Unfortunately Mann offers precious little data on price or production rates.
If Mann's data on methane hydrates is correct, then Japan's experiment so far has taken 10 years and $700 million to produce four million cubic feet of gas, which is worth about $16,000 at today's U.S. gas prices, or about $50,000 at today's prices for imported LNG in Japan. At this point, it is an enormously expensive experimental pilot project, and nothing more. We do not yet know when it might be able to recover commercial volumes of gas, or at what rate, or at what price. We have no reason to believe that if commercial quantities are recoverable by 2018 as Japan hopes--which seems incredibly optimistic--that the price of that gas will be competitive with imported LNG.
At the same time, we have numerous forecasts projecting that renewables like wind and solar will be competitive with fossil-fueled grid power in most of the developed world by 2020, including much of Asia. For example, a recent report by Citigroup, and another by researchers at Stanford University, among many others. A 2011 report by WWF and Ecofys projects that by 2018, solar PV will be the cheapest way to generate power in much of Asia.

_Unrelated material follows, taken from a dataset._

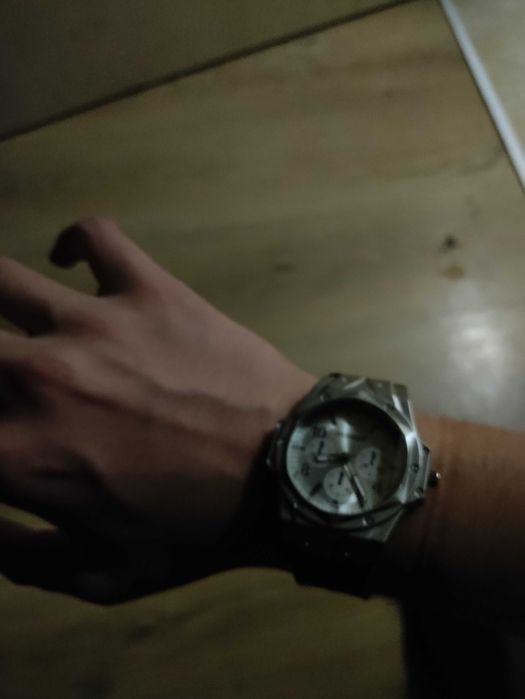 Часовник чисто нов на 1 месец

If these forecasts--based on more than a decade of real-world cost data for large-scale solar and wind are correct, then there is no reason to believe that gas from Japan's methane hydrate experiment will be able to compete with renewable grid power, which would constitute the largest market for that gas (unless Japan rapidly deploys natural gas vehicles in the interim, which it currently has no economic reason to do).

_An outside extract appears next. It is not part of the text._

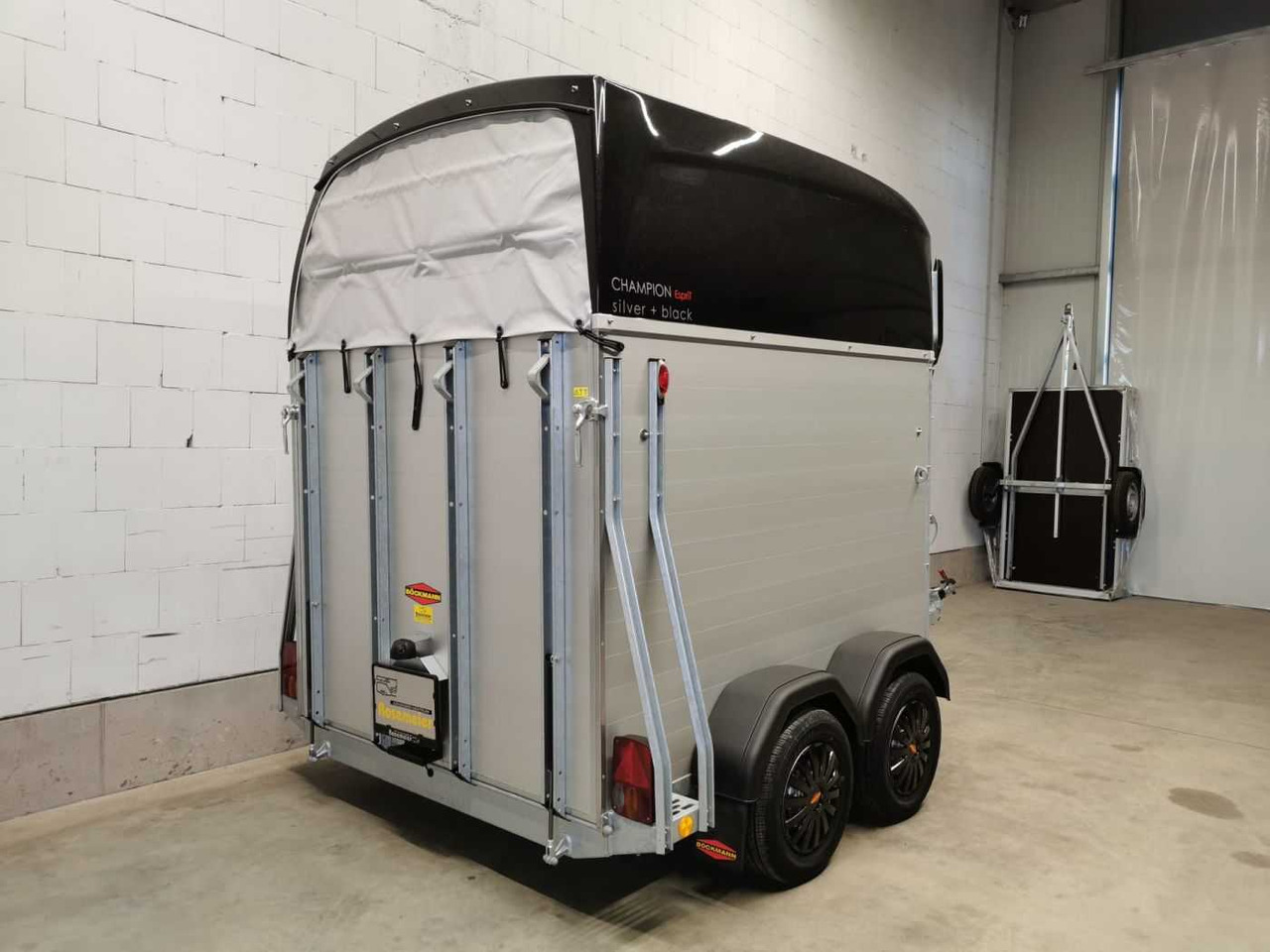 New Horse trailer BOECKMANN Champion Esprit silv+bl SK P Pferdeanhänger: picture 16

Mann also offers no data on tight oil production and price, but here are the key facts. In 2012, according to data from the U.S. Energy Information Administration, the U.S. consumed about 18.5 million barrels a day (mb/d) of liquid fuels and produced about 11 mb/d. Only about 7 mb/d of that 11 was actual crude oil, and about 1 mb/d of that was from tight oil. The non-crude liquids the US produced have less energy content than crude, and some of it cannot be made into vehicular fuel.

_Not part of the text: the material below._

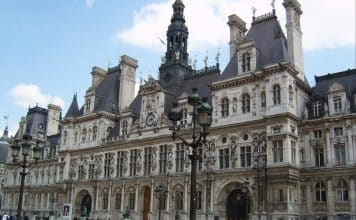 Comment distinguer décentralisation et déconcentration ?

One cannot easily make a case for incipient U.S. "energy independence" on the basis of 1 mb/d of new tight oil production. A host of dubious assumptions and data distortions underlie the recent energy independence forecasts which I will not delve into here, but I have examined and debunked most of the reports that Mann cites, including those from the IEA (here and here), Ed Morse at Citigroup (here and here), and Leonardo Maugeri.
The progressive substitution of expensive unconventional oil for cheap conventional oil is a fundamental reason why the global price of oil has tripled over the past decade, and will continue to rise. This essential concept--along with the correct definitions of "conventional" and "unconventional"--is lost in Mann's treatment. It's absolutely true that we will never "run out" of oil--there will always be oil resources that are too expensive to produce that will stay in the ground--but since 2004 we have seen the undisputable evidence that affordable oil is slipping away from us, and that the rising price of oil has contributed to the stalling of the global economy. If the world could tolerate $300 a barrel, there might be no reason for concern about future oil supply. But it cannot. As the IEA's executive director recently noted, U.S. oil and gas prices need to go higher (through exports) to "avoid [the] shale boom turning to bust." But prices for refined products like gasoline and diesel are already near the upper limit for American consumers.